Today I was set off by the kids asking me to fix the Xbox over and over, after they were told to wait. I was set off any time I had to repeat myself, which was often. And I was set off by the phone ringing, the dog barking, the kids yelling, the dog in my way, the kids in my way, my breakfast getting interrupted, the kids walking in on me in the bathroom, etc. – anything, really!
And so now I am sitting here, my head pounding, feeling awful about yelling at the kids. Twice I have gotten up away from the computer to start the housework, and both times something has set me off into screaming and/or crying. All I have accomplished is a load of laundry and sweeping half of the living room floor.

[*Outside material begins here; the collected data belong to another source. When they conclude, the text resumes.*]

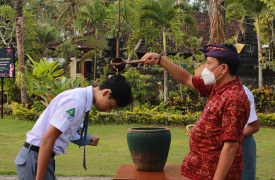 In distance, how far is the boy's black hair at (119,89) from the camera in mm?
2266

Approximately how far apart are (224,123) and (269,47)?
16.1 m

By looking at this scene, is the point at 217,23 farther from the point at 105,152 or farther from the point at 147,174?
the point at 147,174

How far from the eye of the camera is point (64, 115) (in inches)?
79.1

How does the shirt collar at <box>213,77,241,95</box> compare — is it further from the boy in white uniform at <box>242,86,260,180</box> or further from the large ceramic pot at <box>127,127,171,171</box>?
the large ceramic pot at <box>127,127,171,171</box>

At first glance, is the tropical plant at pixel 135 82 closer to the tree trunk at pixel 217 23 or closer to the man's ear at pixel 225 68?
the tree trunk at pixel 217 23

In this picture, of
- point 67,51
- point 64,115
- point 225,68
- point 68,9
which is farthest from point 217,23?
point 68,9

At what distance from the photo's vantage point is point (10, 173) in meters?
5.07

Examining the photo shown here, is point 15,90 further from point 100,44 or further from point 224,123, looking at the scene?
point 224,123

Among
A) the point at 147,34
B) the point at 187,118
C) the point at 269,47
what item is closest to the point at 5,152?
the point at 187,118

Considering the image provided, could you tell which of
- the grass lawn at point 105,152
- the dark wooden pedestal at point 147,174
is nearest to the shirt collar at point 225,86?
the dark wooden pedestal at point 147,174

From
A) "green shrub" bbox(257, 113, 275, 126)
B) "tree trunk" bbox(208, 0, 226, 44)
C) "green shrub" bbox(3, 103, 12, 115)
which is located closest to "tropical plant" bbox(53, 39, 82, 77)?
"green shrub" bbox(3, 103, 12, 115)

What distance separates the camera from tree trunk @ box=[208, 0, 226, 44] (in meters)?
10.1

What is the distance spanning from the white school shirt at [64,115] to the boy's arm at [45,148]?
0.05m

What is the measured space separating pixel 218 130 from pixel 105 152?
16.6 ft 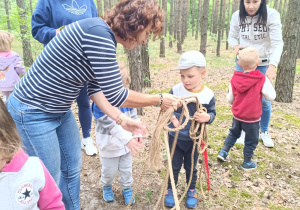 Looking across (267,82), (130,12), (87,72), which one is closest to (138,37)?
(130,12)

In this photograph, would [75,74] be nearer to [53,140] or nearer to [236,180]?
[53,140]

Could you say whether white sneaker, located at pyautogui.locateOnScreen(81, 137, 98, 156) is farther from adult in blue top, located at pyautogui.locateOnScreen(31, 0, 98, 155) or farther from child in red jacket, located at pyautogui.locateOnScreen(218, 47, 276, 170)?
child in red jacket, located at pyautogui.locateOnScreen(218, 47, 276, 170)

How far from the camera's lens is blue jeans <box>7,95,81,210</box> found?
1.61 meters

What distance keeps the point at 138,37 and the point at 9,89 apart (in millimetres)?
3890

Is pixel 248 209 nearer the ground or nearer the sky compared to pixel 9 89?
nearer the ground

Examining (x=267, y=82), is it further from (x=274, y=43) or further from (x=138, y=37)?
(x=138, y=37)

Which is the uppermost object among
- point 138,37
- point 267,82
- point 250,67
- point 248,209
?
point 138,37

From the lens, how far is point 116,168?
2.56 metres

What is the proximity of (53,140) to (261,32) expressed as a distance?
3.18 metres

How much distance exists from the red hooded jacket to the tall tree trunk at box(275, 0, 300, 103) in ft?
11.6

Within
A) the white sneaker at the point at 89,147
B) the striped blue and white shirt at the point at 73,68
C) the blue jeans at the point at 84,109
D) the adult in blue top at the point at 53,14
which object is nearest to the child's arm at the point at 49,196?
the striped blue and white shirt at the point at 73,68

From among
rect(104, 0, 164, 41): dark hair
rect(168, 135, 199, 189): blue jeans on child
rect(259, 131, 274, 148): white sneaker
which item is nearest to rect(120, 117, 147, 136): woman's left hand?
rect(104, 0, 164, 41): dark hair

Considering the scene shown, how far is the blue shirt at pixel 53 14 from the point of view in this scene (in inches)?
101

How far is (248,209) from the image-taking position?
2.72 meters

I don’t know if it was fate, or just a coincidence, that this article: 21 Ways to Stop Yelling showed up in my news-feed this afternoon. And it actually had some good advice. All 25 things are simple, easy to do things. I like simple, in the moment things like “#3: close your eyes” or “#2: take deep and calculated breathes” or “#9: go into the bathroom”. I also love the idea of switching the yelling into something fun like painting (#7), baking (#5), doing jumping jacks (#18) or having a dance party (#20). My favorites? “#1: Ask for help” and “#21: hug them”.
Now if I can just remember these “in the moment”. I wonder if this is something I should print off and hang on the fridge?
I hope your weekend is going better than mine! (And I hope these crankies pass quickly!!)